Para empezar, el derecho a la vida, a la libertad, a la dignidad y a la justicia, intrínsecos a todo ser humano. Por tener su origen en Dios, estos derechos naturales son anteriores a cualquier noción de Estado y, de hecho, a cualquier tipo de norma jurídica, por lo que atentar contra ellos significa lacerar lo más esencial de la persona.
Por supuesto, la valoración, aceptación y ejercicio práctico de estos derechos no pueden estar sujetos a la voluntad coyuntural de una mayoría, puesto que ninguna mayoría tiene legitimad para eliminarlos, limitarlos o desnaturalizarlos. Sin importar lo justa que parezca una causa, si su logro requiere violar los derechos naturales de las personas, entonces esa causa no es justa ni moral.

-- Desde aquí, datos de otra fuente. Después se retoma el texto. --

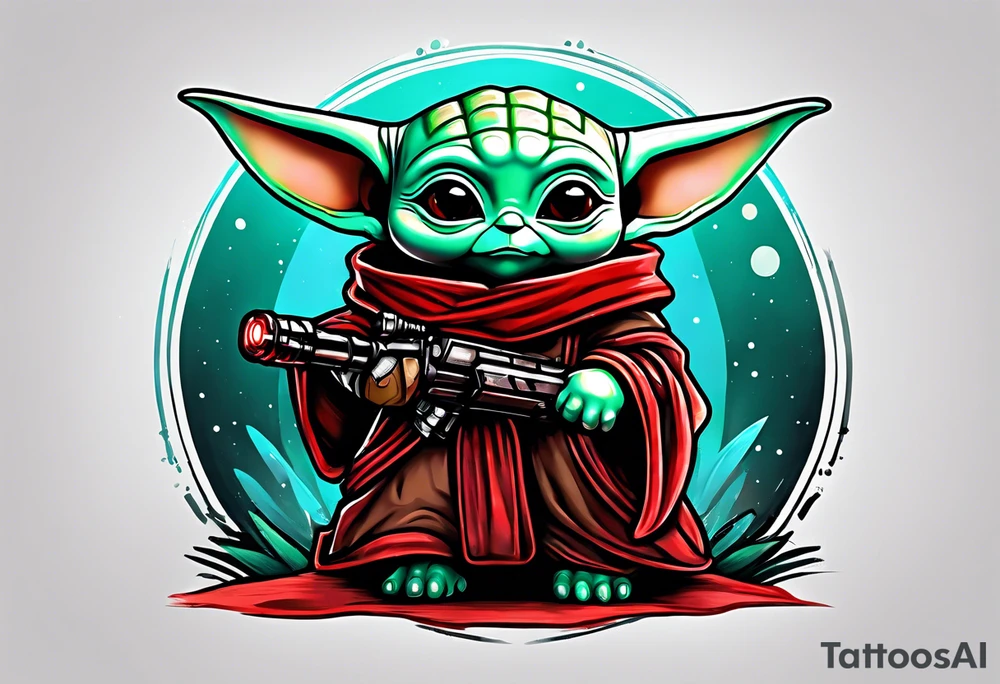 Baby yoda with red lightsaber wearing mandalorian armor tattoo idea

El derecho a la vida, por ejemplo, supone la obligación del Estado y de los particulares de asegurar que la existencia humana se desarrolle en todas sus etapas. El derecho a la dignidad, por su lado, exige que consideremos inadmisible cualquier poder que pretenda justificar los ataques a la integridad física o moral de una persona. No hay dónde perderse.
Si entendemos la libertad como el atributo o facultad humana de dirigir la conducta y pensamientos según los dictados de la propia conciencia, con responsabilidad y sin restricciones ni imposiciones externas, tendremos claro que sólo un individuo libre puede llenar de sentido su vida. Y sin embargo, aunque libre de hacer lo que considere correcto según su propio juicio, el ciudadano legitima su libertad en la medida en que no lesiona los derechos de sus congéneres.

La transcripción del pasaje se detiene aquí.